Despite my passion for the area, I’ve never really been back much in recent years, although I have had Wroxham on my radar since the town’s football team made it to Step 4 a couple of years ago. Two previous attempts to visit Trafford Park had ended in frustration; the first because I overslept and missed my booked train, the most recent earlier this year when my poor health led to a (sensible) decision not to travel.
No such problems today as I’m up on time, feeling good, and ready for a four-hour journey to Norwich via Nottingham & Peterborough. Wary of the fact most Norwich pubs traditionally don’t open until Midday, I set off first to two pubs I know trade earlier, the first of which being The Bell Inn, a Wetherspoons where I can get some brekky, washed down with an excellent pint of Black Panther. My walk to the pub takes me down a scruffy part of town called Rose Lane, my opinion of which takes a sudden turn for the better when I spot a blue plaque recording that the Beatles once played a gig nearby before queueing with fans to buy food from a chippie on Rose Lane. Walking in the path of legends!
After the Bell, it’s a short hop to the Gardeners Arms, known locally as the Murderers. This multi-level pub has something for everybody, including one of the best pub sports TV set-ups I’ve encountered. I plump for a Wolf Brewery ‘Granny Wouldn’t like It’, a 4.8% darkish beer which sadly disappoints. A noisy bunch of students in fancy dress persuades me to eschew a second drink here, and walk across town to the Ketts Tavern, home of the Norwich Bear Brewery. The pub is empty save me and the barmaid, who informs me they have four golden ales and just one that is the right colour for a beer, this being called Legend. Sadly, it doesn’t live up to its name, tasting very much of home-brew.
So my last watering hole prior to catching the train to Wroxham is the Compleat Angler, a large corner pub just outside of the station. The beers are not local, but the Cottage Black Five is a reasonable pint, even if it isn’t exactly black.
Wroxham’s ground is about a 20-minute walk from the town’s railway station and right on the edge of the conurbation, down a pathless track, not recommended for pedestrians in the dark. There’s a modest main stand with seating, and some roof support pillars to peer round. Behind one goal is a small covered terrace. The rest is flat standing, with most of the fans preferring to congregate in the area in front of the clubhouse. The bar, sadly, sells nothing interesting in the way of beer, and the snack hatch is of equal disappointment to the vegetarian.

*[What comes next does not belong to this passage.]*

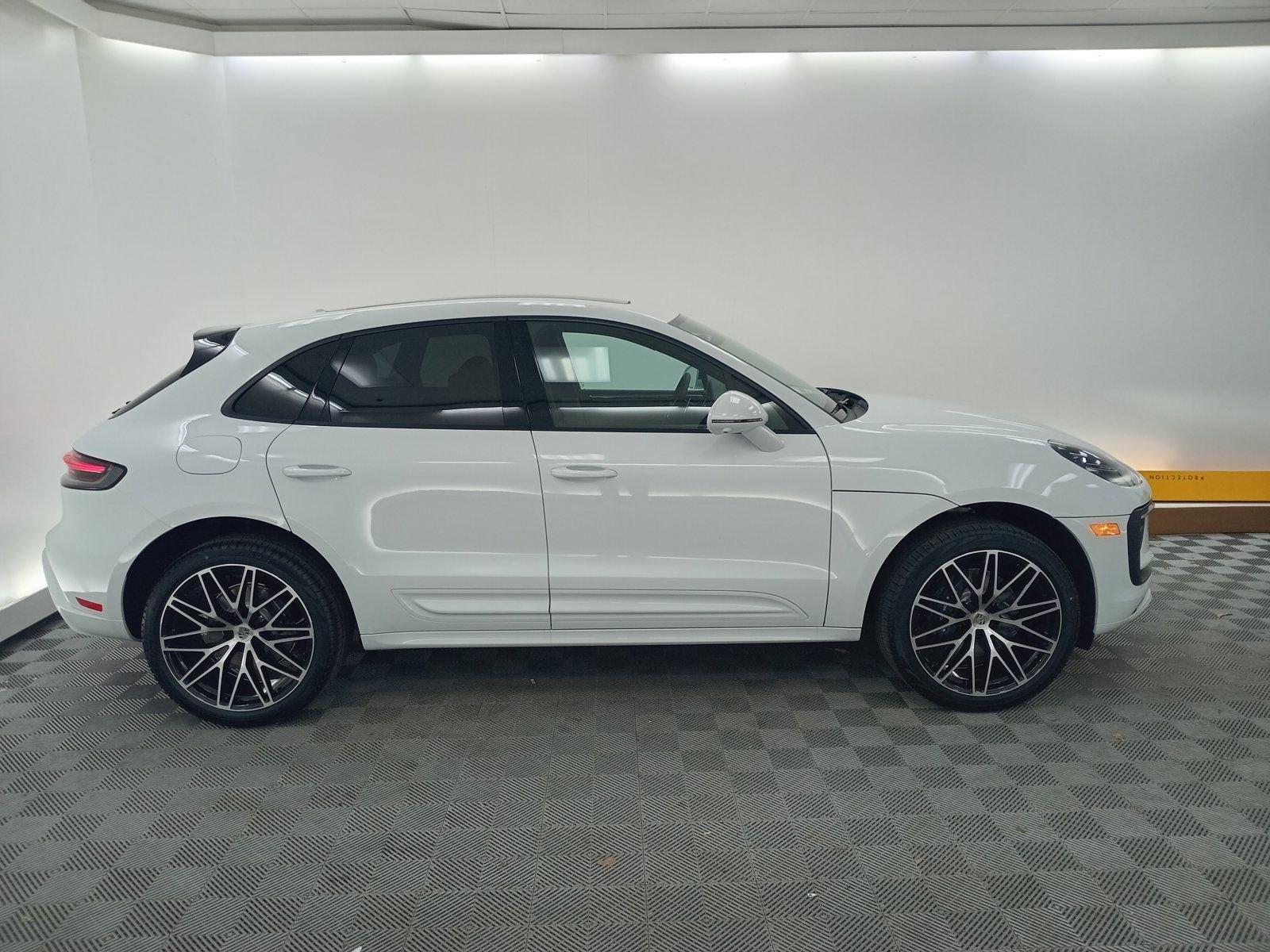 New 2026 Porsche Macan image 8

Today’s game is between two sides who are desperate for points, both hovering as they are at the wrong end of Isthmian Division One North. Visitors Romford are in slightly the better league position, but both teams manage to serve up a turgid first half which is shared with a penalty apiece. It picks up appreciably after the break, with the game far more stretched, Wroxham having the advantage of possessing two or three players not afraid to pick up the ball and run directly at the opposing back four. It seems to all be in vain as they go behind to the visitors, but there’s enough time to level it and snatch a winner before the end.
This being their first win in seven, the home players and fans are like kids in a toy shop. Being Wroxham, that shop would have to be Roy’s and – yes – I can confirm, the centre of the town is still dominated by that name, almost 50 years since I bought my last Airfix kit there. Maybe I should take one home for my lad. But then again……
Programme: Oh dear. Photocopier reproduction worse than the fanzines I used to produce back in the 1970s. One advert is completely unreadable. There is quite a bit of reading matter in there, should you attempt to pick out black wording on a near grey background. 4/10
Floodlight pylons: 6
Birdlife: A large flock of geese seen feeding in a field outside the ground, take off during the first half and honk their way over the pitch. Later spotting roosting for the night in the middle of town (outside Roys in fact!)
Club Shop: No
Toilets: In the clubhouse.
Music the players run out to: No
Kop choir. A huddle of home fans behind the goal but no singing.